Overnight Quinoa & Oats with Pumpkin

In Breakfast, Homepage - Breakfast by Frances Largeman-Roth

If you’ve visited my site before, you know I love a good overnight oats recipe. It’s already a wonderful way to start your day, but I wanted to see if I could amp up the nutrition even more. Turns out it’s possible!

I combined cooked quinoa with rolled oats for a more protein-packed grain base, then layered on a delicious maple-pumpkin puree, a little yogurt for calcium and probiotics, and finally sprinkledI on some pumpkin seeds for crunch and heart-healthy magnesium. This hearty ONO makes a super-charged, super food, on-the-go breakfast!

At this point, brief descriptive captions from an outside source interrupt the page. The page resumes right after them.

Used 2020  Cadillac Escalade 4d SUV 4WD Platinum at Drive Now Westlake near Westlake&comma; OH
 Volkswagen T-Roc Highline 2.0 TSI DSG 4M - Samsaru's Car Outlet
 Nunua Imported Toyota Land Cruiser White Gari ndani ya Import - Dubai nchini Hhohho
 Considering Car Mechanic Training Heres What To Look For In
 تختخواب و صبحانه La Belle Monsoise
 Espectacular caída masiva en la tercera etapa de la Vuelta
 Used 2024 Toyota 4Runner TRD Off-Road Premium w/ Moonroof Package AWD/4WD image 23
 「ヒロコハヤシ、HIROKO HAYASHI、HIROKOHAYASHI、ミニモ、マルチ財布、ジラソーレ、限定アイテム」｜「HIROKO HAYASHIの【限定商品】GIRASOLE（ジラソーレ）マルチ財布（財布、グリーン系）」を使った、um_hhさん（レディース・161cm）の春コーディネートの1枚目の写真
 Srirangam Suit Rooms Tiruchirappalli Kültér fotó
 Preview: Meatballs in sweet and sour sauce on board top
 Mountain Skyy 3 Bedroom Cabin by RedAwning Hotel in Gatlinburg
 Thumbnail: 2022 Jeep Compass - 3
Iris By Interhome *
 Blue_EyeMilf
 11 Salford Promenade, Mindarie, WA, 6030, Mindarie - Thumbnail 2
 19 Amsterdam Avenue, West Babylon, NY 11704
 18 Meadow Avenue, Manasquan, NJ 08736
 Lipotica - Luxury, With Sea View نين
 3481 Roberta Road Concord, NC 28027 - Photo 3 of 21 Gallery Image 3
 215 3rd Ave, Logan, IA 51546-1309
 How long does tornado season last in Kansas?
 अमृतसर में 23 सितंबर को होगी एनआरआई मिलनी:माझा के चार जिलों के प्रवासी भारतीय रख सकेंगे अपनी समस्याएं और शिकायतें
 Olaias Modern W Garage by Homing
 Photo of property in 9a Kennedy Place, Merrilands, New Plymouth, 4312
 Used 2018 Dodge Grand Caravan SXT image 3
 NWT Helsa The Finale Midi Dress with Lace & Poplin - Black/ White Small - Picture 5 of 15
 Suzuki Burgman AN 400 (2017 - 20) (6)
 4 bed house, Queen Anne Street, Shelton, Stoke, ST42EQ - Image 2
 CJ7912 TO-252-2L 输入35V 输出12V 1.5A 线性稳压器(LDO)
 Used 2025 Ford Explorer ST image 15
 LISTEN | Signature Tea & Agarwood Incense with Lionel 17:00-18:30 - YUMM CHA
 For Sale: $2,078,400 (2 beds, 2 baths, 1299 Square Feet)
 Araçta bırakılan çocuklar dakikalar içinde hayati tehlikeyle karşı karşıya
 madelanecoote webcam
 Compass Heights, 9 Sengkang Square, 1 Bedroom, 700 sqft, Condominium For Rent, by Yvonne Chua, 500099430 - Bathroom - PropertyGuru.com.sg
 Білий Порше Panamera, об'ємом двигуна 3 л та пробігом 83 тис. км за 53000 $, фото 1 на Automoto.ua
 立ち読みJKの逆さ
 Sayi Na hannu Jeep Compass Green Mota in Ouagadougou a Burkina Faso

1 Success Boil-in-Bag Tri-Color Quinoa
½ cup rolled oats
Pinch of sea salt
1 can pumpkin puree
2 tablespoons pure maple syrup
1 teaspoon vanilla extract
1 teaspoon ground cinnamon
1 cup plain yogurt

1. Get 4 lidded jars ready to go.
2. Prepare quinoa according to package directions. Allow to cool and transfer to a medium mixing bowl. Add the oats and pinch of salt and stir to combine. Set aside.
3. In a separate mixing bowl, combine the pumpkin puree, 1 teaspoon vanilla extract, 1 teaspoon ground cinnamon and 2 tablespoons pure maple syrup. Set aside.
4. Into each jar, spoon ¼ cup of the pumpkin mixture, followed by ½ cup, plus 1 tablespoon of the quinoa mixture. Add ¼ cup of the yogurt to each jar, followed by 2 more tablespoons of the pumpkin mixture. Place lids back on jars and refrigerate for 3 hours or overnight.
5. Remove jars from the refrigerator, take off the lids and add 1 tablespoon pumpkin seeds to each jar. Enjoy!